Thanks for reading. For a reserach project, I'm doing some text analysis. We are analyzing large texts (company reports) and I'm looking to count keyword frequencies within that text.
However, I have two lists of keywords, and I dont want to count the number of occurances of these words, but the number of times any two words from these lists appear within a certain distance from each other in the main text.
text <- c("The house is blue. The car is very big and red.")
words1 <- c("car", "house")
words2 <- c("blue", "red")
The desired functionality should, for example, return 1 for distance 3. (Number of any combinations in given distance.)
I know about the text_count
function from the stringb
package and kwic
from quantea
. However, thats not really what Im looking for.
Thanks, any help is appreciated.
The quanteda package has the function fcm()
that counts frequency of their co-occurrences.
require(quanteda)
txt <- c("The house is blue. The car is very big and red.")

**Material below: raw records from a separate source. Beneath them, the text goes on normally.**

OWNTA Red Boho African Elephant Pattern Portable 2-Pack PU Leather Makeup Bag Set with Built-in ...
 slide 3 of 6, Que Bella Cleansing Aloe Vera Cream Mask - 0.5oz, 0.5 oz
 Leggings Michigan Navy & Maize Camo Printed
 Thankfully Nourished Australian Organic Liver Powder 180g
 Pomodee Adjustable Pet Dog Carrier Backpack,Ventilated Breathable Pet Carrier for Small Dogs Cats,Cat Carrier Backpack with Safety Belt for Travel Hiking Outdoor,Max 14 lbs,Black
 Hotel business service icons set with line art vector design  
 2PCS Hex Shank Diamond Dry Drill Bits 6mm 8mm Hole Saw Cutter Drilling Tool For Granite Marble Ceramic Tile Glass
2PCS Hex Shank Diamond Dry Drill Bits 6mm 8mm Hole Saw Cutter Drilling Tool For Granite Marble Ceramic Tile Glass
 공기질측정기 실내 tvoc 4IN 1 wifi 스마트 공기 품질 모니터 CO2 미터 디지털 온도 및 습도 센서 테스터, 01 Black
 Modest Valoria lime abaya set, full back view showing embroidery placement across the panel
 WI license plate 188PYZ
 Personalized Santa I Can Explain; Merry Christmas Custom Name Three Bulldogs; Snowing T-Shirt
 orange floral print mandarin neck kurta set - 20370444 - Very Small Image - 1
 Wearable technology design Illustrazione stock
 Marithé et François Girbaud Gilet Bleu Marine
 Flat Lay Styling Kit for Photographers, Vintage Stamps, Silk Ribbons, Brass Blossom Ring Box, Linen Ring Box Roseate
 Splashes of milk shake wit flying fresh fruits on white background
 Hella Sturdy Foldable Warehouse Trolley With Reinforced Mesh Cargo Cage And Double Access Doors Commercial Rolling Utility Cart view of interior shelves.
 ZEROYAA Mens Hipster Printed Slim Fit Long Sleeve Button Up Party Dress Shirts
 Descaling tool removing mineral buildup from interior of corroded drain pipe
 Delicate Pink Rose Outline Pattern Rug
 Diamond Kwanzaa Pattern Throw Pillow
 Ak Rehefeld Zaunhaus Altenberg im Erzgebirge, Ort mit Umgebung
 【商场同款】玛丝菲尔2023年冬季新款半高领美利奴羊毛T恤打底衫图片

toks <- tokens(txt) %>% tokens_tolower()
fcm(toks, window = 3, tri = FALSE)
#> Feature co-occurrence matrix of: 10 by 10 features.
#> features
#> features the house is blue . car very big and red
#> the 1 2 4 2 4 2 2 2 2 2
#> house 2 0 2 1 2 1 1 1 1 1
#> is 4 2 1 2 4 2 2 2 2 2
#> blue 2 1 2 0 2 1 1 1 1 1
#> . 4 2 4 2 1 2 2 2 2 2
#> car 2 1 2 1 2 0 1 1 1 1
#> very 2 1 2 1 2 1 0 1 1 1
#> big 2 1 2 1 2 1 1 0 1 1
#> and 2 1 2 1 2 1 1 1 0 1
#> red 2 1 2 1 2 1 1 1 1 0